By Terry Wilson
Surfers Paradise surprise packet Sam Hilton-Joyce most certainly epitomises the old saying about good things coming in small packages.
At 16 years of age, Hilton-Joyce burst on to the QAFL scene with a stunning five-goal haul on debut for the Demons in their big Coast derby win against Broadbeach last weekend.
Hilton-Joyce’s performance has earned him a fifth round nomination for the Rising Star Award, and there would be few who could disagree with the honour.
What was so special about his effort is that he managed to outmark some much bigger opponents over the four quarters in his role as a small forward.
That word small keeps popping up when you talk about Hilton-Joyce.
After all, the teenager is only 174cm tall and weighs in at 65kg – and that comes after he put on three kilograms over the pre-season.
But Hilton-Joyce is resigned to never growing much more as he nears adulthood.
“Being small doesn’t worry me at all,” he said.

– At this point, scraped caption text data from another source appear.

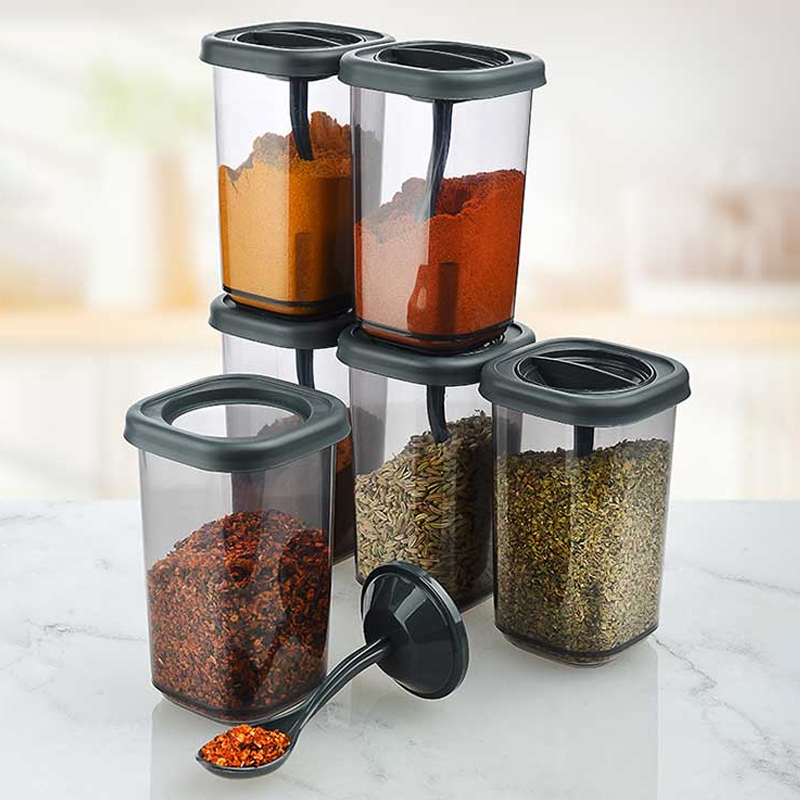 POT EPICE EN PLASTIQUE TRANSPARENT 350 CC + CUILLERE COULEUR MAT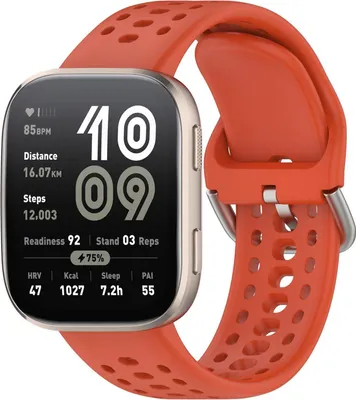 Image de Pour Amazfit Bip 6 conception rapide de silicone bracelet de montre de remplacement rouge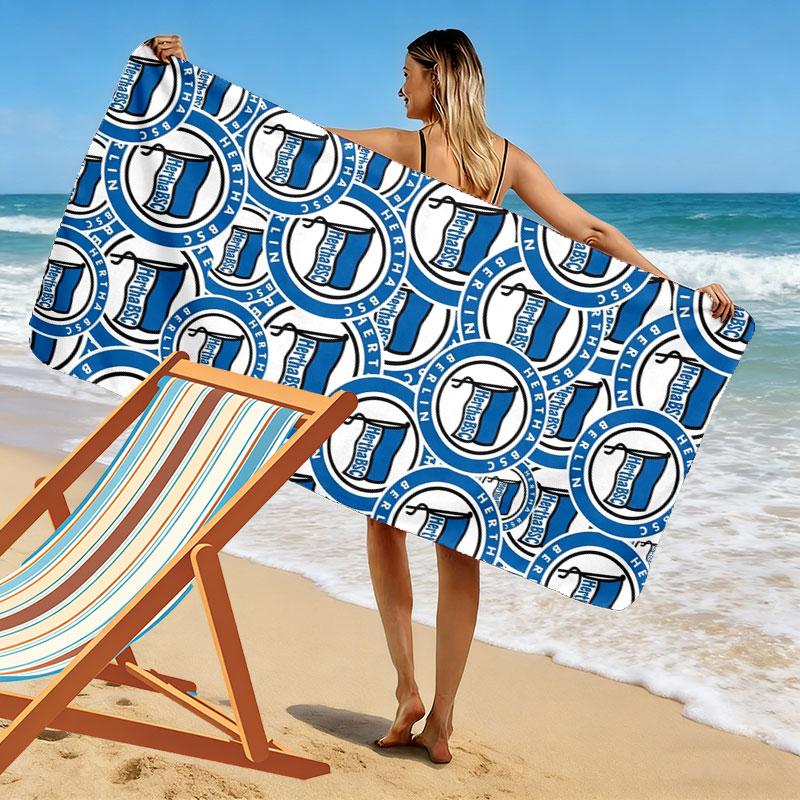 Hertha BSC Print Beach Towel, Large Soft Quick Dry Towel for Beach Camping Swimming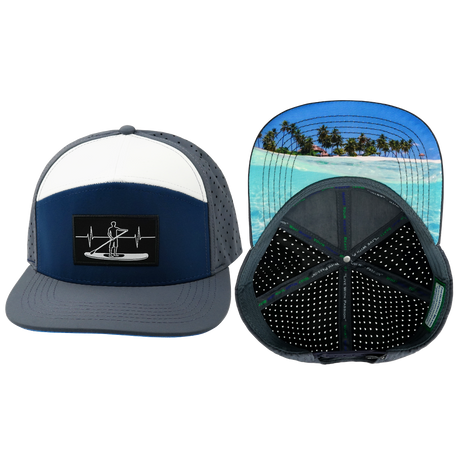 Paddle Board Hat, Flat Bill, Snapback Hat, Charcoal, Navy, White, Mens Hat, Womens Hat, Main Picture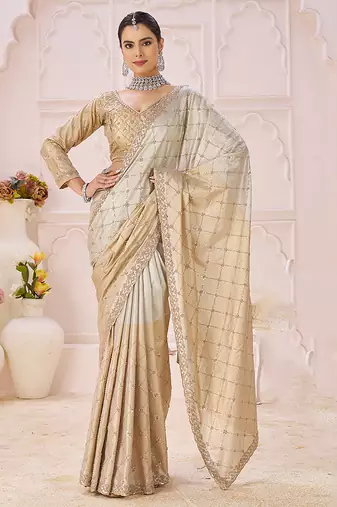 Gold embroidered banarasi saree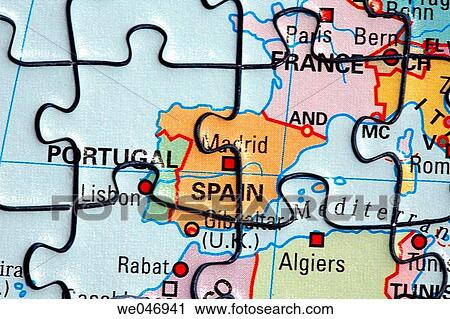 Jigsaw puzzle showing Southwest Europe and Northafrica with Spain, Portugal and France View Large Photo Image Stock Image - Jigsaw puzzle showing Southwest Europe and Northafrica with Spain, Portugal and France. Fotosearch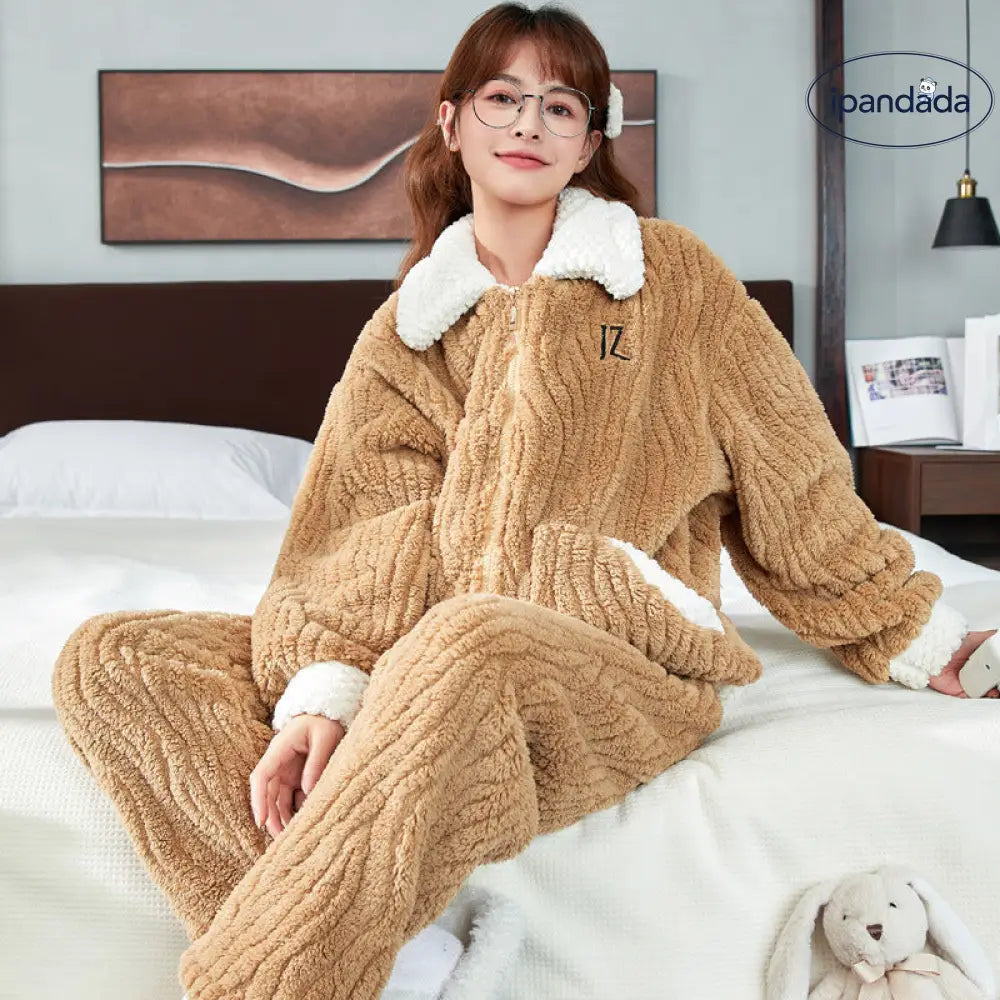 カップル パジャマ レディース コーラルフリース 秋冬用 厚手 裏起毛 メンズ フランネル ルームウェア セット ID3580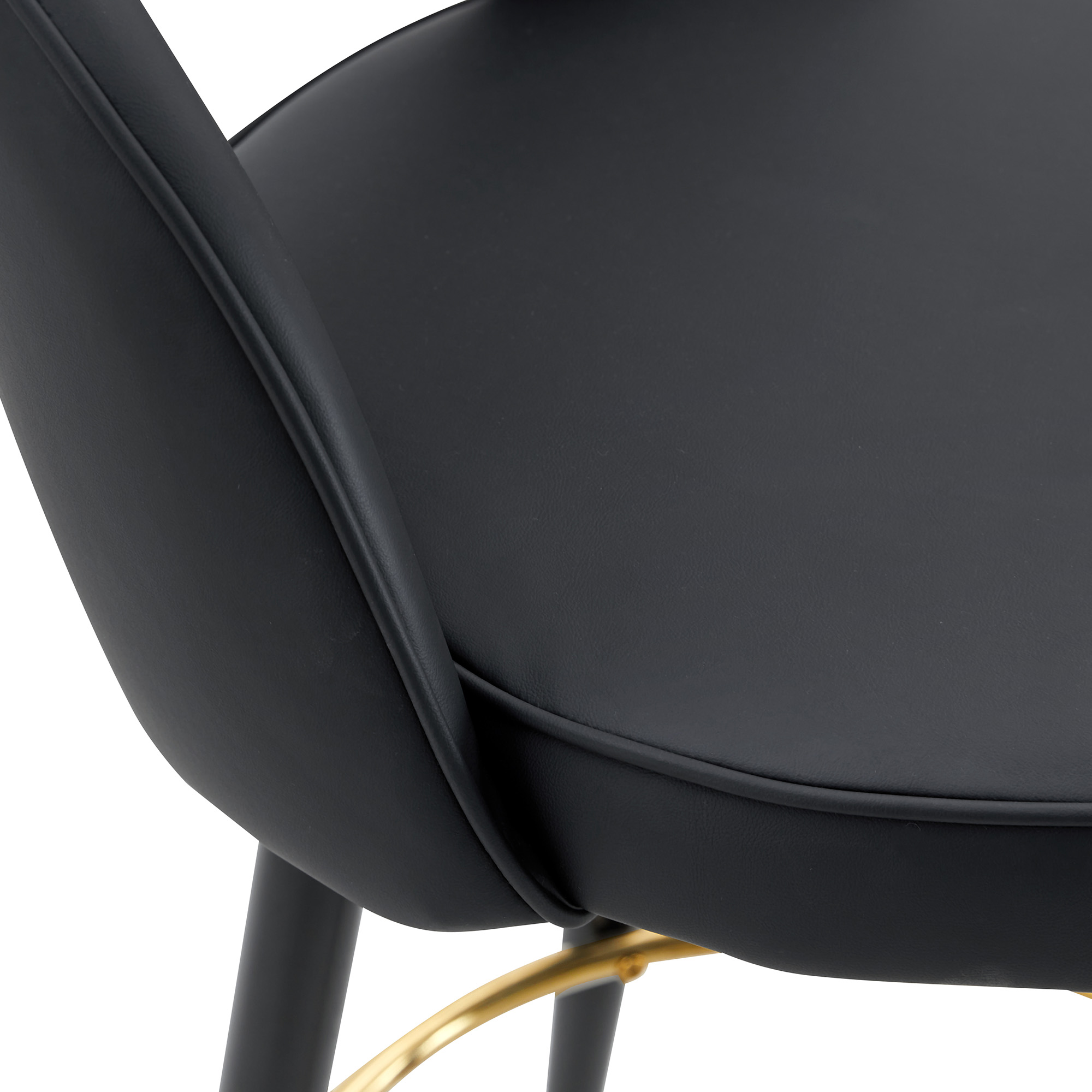 Tabouret de bar avec dossier ajouré unique, pieds métal avec accents dorés, design noir minimaliste, pour bar et cuisine, style contemporain, attire tous les regards, polyvalent, stabilité et élégance - image 11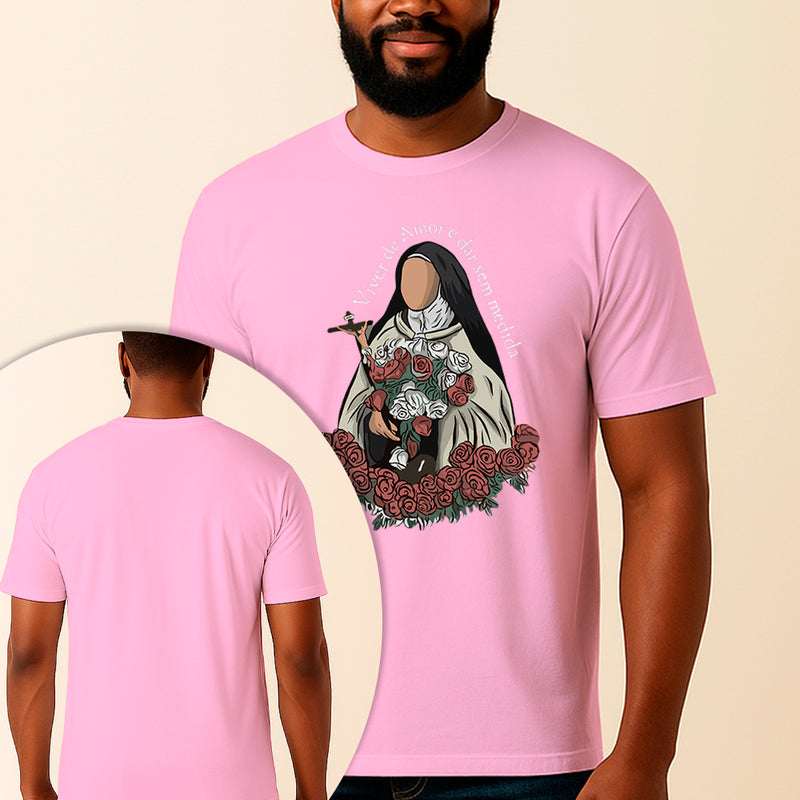 Camiseta Estampada Santa Teresinha Viver de Amor 100% Algodão Premium Fio 30.1 Penteado Vest Sagrada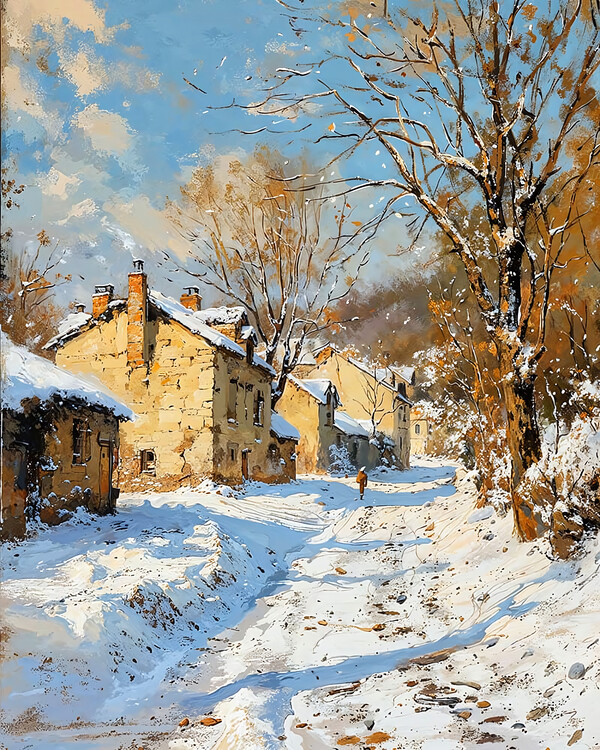 Poster Historic Village in a Winter Wonderland, wall decor for room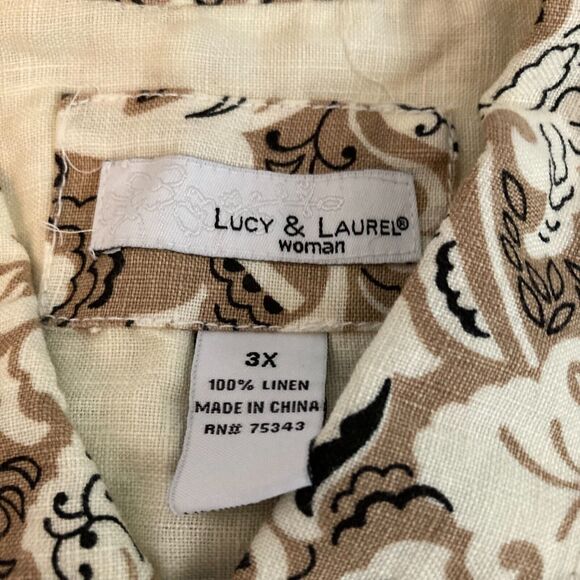 Lucy & Laurel Jacket Womens Sz 3X Brown Tan Floral Casual Button Up Linen - Picture 5 of 7
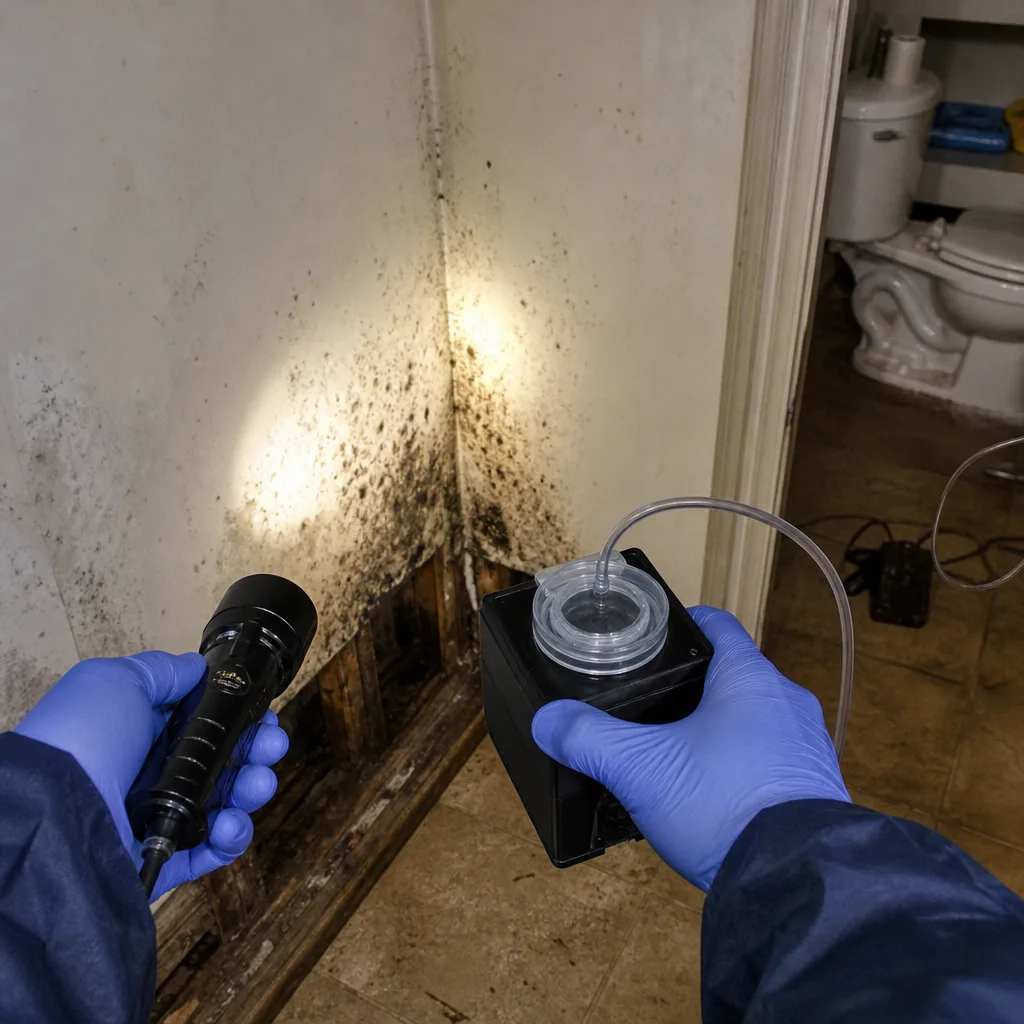 Professional performing mold inspection and air quality testing in a home.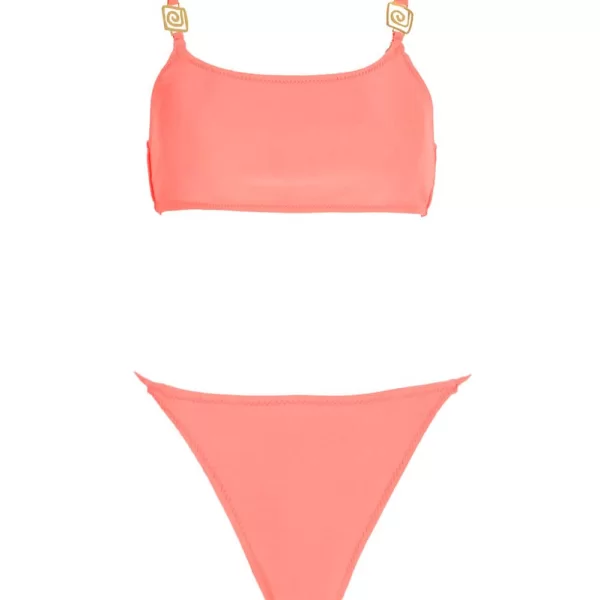 GIGI Μαγιό Σετ Μπικίνι με Τόκα & Δέσιμο - Κοραλί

“I probably won’t grow much more because Mum once told me that my great grandfather Mick was really small, he was about four foot 10 inches (147.3cm).
“And my father Clive is about the same height as I am now.
“I see the footy and go for it and last weekend I was lucky enough to take marks over the big guys.”
How Hilton-Joyce came to be called up for his seniors debut with Surfers is a story in itself.
He rocked up for a game in the colts at 8am but received a text from seniors coach Brad Moore saying he was in the top side as a replacement for Cassidy Haberfield.
He was a completely unknown commodity to all but the Surfers faithful – but he is no longer ranked in that category now.
Next weekend Surfers play premiers Palm Beach Currumbin at Salk Oval and Hilton-Joyce cannot wait for another crack at seniors football even if the surprise element no longer exists.
“Obviously now Palm Beach will know who I am but I just want to play like I did on Saturday,” said Hilton-Joyce, whose attributes are speed, positional sense and a good and accurate kick of the Sherrin.
“It’s a big game and I absolutely can’t wait. It’ll be good and there’s no way I’m going to be overawed.”
The Hilton-Joyces moved from Ballarat to the Gold Coast when their son was 12 and he spent four seasons with the Southport juniors.
When Southport merged with Surfers to form a colts team named Surfers Sharks, Hilton-Joyce moved across, for a couple of reasons.
“I thought I’d go to a club with seniors and reserves so I can work my work my way up,” he said.
“At Southport there’s only NEAFL, so I’ve got to start somewhere.”
And like every starry-eyed teenager Hilton-Joyce would love to go much higher in his career.
The AFL is the number one target but, failing that, there is the NEAFL or the VFL to look at.
There is a good yarn behind Hilton-Joyce and his development years in chilly Ballarat in Victoria.
As a youngster he idolised Tony Lockett, the all-time VFL-AFL goalkicker and, in fact, used to play full-forward in the juniors.
“Back then I was the same height as everyone else but I sort of stagnated and everyone got taller,” said Hilton-Joyce.